● EXERCISE BRIEF
Once you find the line containing "Enganliegendes, blaues Rippoberteil" in the data below, copy it and each following line exactly, up to and including the line containing "Zwei Rettungswagen stehen", and nothing else.

● DATASET EXCERPTS
◆ ◆ ◆

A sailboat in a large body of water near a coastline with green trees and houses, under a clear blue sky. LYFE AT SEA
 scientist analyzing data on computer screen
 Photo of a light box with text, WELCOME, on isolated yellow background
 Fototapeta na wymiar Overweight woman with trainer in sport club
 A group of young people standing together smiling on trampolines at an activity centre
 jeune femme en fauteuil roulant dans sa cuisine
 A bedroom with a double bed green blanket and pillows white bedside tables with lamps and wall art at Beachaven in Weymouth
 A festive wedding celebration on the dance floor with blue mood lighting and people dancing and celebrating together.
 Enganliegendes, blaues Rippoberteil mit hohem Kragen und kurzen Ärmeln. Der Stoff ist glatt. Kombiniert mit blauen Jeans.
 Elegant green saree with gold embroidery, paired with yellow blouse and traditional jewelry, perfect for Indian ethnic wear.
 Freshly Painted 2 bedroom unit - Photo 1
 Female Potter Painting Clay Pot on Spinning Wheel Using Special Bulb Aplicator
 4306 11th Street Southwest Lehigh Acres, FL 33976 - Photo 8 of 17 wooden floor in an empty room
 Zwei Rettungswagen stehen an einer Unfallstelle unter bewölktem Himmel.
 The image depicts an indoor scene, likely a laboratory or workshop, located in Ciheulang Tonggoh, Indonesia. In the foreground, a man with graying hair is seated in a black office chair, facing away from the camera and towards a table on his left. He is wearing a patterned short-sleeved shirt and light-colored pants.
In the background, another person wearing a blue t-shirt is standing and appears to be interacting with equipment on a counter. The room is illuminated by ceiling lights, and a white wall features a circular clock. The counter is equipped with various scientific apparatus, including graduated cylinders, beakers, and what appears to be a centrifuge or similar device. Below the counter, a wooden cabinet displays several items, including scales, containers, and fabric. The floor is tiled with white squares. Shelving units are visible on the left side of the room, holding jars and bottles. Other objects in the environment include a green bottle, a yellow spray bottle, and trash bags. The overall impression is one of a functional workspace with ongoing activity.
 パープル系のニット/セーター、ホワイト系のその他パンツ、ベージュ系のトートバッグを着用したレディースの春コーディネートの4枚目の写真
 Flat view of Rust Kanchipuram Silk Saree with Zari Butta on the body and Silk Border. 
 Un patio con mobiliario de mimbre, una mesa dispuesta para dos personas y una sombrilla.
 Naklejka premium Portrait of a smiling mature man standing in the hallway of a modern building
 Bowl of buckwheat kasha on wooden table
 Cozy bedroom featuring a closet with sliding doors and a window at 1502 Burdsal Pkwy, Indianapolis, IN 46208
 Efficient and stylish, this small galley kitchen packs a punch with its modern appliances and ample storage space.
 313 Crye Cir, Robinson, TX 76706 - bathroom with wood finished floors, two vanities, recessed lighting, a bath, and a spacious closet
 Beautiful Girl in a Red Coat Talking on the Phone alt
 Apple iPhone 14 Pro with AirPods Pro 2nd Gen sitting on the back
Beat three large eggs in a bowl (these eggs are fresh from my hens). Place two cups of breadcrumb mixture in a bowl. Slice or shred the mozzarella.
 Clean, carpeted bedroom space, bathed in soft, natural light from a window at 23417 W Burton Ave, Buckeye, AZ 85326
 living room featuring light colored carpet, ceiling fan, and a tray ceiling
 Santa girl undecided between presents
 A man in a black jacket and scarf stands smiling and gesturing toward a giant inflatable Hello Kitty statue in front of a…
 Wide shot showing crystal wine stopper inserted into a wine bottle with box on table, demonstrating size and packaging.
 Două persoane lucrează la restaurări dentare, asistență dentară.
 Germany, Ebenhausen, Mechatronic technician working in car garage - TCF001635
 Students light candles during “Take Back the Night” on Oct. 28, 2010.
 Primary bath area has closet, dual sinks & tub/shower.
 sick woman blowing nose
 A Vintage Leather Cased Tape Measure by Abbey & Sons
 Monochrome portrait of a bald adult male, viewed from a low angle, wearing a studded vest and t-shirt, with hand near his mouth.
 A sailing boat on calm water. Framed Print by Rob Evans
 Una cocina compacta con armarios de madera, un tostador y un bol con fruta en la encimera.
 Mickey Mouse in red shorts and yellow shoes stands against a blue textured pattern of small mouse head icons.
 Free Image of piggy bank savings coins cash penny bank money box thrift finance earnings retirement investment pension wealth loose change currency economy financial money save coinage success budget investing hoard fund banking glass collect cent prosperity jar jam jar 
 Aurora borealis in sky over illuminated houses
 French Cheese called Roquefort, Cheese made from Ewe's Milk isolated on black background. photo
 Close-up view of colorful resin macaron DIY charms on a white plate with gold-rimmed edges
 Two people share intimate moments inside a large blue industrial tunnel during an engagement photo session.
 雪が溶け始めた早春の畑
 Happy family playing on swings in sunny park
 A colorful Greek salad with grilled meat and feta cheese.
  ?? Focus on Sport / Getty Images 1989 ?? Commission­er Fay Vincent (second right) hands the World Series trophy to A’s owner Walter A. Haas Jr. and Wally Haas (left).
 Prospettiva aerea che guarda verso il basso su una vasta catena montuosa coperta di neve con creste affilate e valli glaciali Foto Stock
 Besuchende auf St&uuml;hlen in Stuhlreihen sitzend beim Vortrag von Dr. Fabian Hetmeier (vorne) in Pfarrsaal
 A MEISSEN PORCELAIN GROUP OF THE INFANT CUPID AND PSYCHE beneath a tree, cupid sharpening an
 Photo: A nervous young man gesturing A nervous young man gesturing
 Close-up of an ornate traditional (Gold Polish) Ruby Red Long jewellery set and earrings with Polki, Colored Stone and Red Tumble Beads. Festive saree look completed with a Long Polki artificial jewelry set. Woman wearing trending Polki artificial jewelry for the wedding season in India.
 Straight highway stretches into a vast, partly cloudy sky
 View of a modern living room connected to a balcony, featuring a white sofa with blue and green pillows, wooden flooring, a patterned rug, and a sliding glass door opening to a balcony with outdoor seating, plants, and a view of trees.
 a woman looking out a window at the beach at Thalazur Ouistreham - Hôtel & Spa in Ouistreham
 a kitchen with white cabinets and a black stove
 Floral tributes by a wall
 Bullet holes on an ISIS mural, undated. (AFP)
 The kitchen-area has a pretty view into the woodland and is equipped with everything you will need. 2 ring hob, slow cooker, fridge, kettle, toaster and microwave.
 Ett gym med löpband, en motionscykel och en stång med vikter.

◆ ◆ ◆

● EXERCISE RESULT
 Enganliegendes, blaues Rippoberteil mit hohem Kragen und kurzen Ärmeln. Der Stoff ist glatt. Kombiniert mit blauen Jeans.
 Elegant green saree with gold embroidery, paired with yellow blouse and traditional jewelry, perfect for Indian ethnic wear.
 Freshly Painted 2 bedroom unit - Photo 1
 Female Potter Painting Clay Pot on Spinning Wheel Using Special Bulb Aplicator
 4306 11th Street Southwest Lehigh Acres, FL 33976 - Photo 8 of 17 wooden floor in an empty room
 Zwei Rettungswagen stehen an einer Unfallstelle unter bewölktem Himmel.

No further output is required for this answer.